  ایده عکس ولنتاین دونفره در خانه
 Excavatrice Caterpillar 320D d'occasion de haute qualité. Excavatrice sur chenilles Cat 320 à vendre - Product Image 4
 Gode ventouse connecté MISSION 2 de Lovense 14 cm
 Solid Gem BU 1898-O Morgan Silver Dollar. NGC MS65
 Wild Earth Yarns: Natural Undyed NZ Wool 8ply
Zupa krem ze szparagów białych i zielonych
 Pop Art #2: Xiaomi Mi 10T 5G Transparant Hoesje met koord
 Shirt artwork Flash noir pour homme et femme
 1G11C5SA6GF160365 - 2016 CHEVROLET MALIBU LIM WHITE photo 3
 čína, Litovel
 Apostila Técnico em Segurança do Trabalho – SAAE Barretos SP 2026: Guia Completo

——

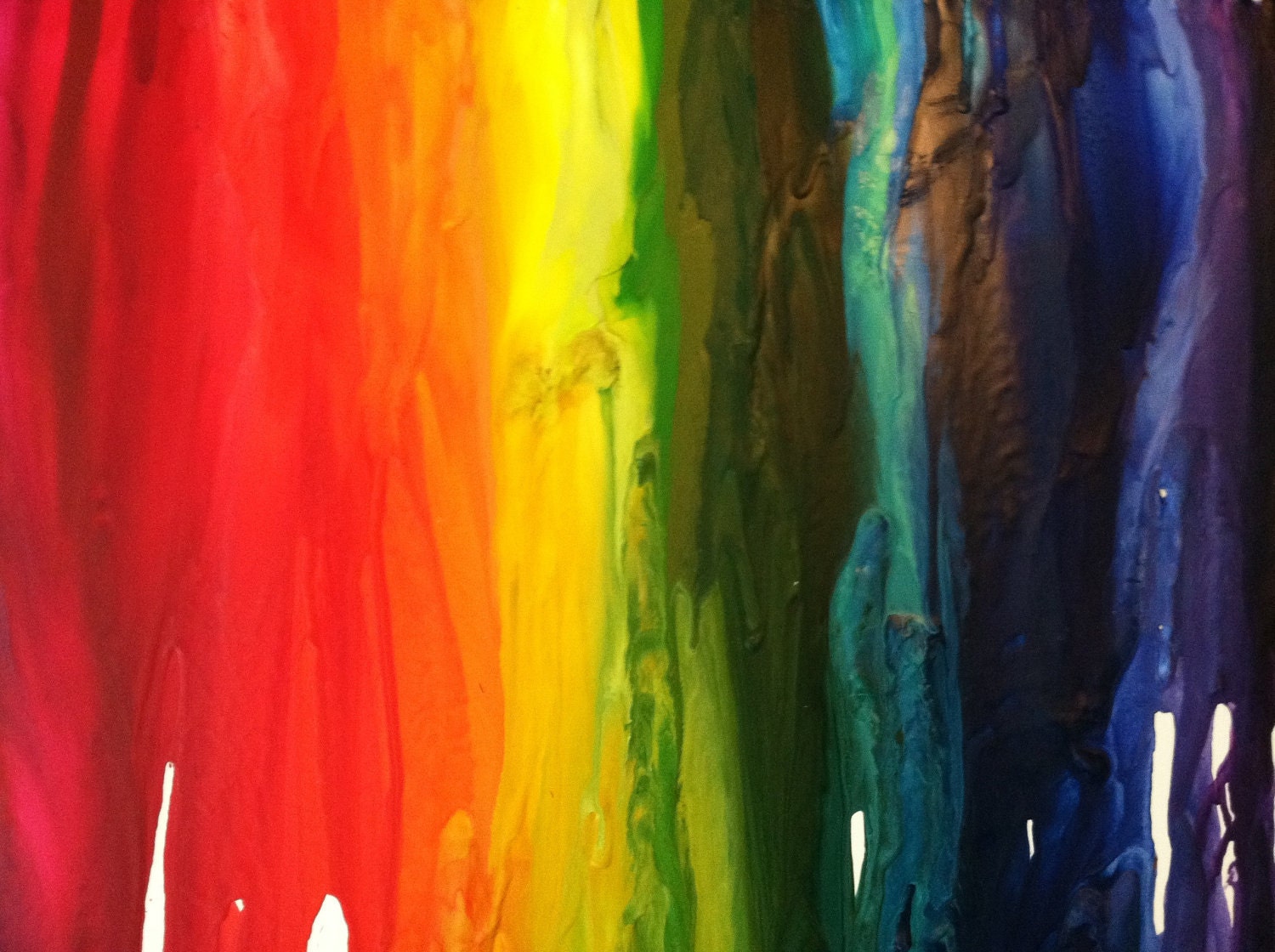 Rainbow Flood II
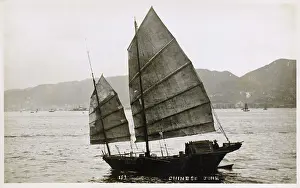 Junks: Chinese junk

——

Exercise requirements.
In the material above, transcribe exactly the lines beginning at the one with "ایده عکس ولنتاین دونفره در خانه" and ending at the one with "Apostila Técnico em", both included.

Output for this exercise.
  ایده عکس ولنتاین دونفره در خانه
 Excavatrice Caterpillar 320D d'occasion de haute qualité. Excavatrice sur chenilles Cat 320 à vendre - Product Image 4
 Gode ventouse connecté MISSION 2 de Lovense 14 cm
 Solid Gem BU 1898-O Morgan Silver Dollar. NGC MS65
 Wild Earth Yarns: Natural Undyed NZ Wool 8ply
Zupa krem ze szparagów białych i zielonych
 Pop Art #2: Xiaomi Mi 10T 5G Transparant Hoesje met koord
 Shirt artwork Flash noir pour homme et femme
 1G11C5SA6GF160365 - 2016 CHEVROLET MALIBU LIM WHITE photo 3
 čína, Litovel
 Apostila Técnico em Segurança do Trabalho – SAAE Barretos SP 2026: Guia Completo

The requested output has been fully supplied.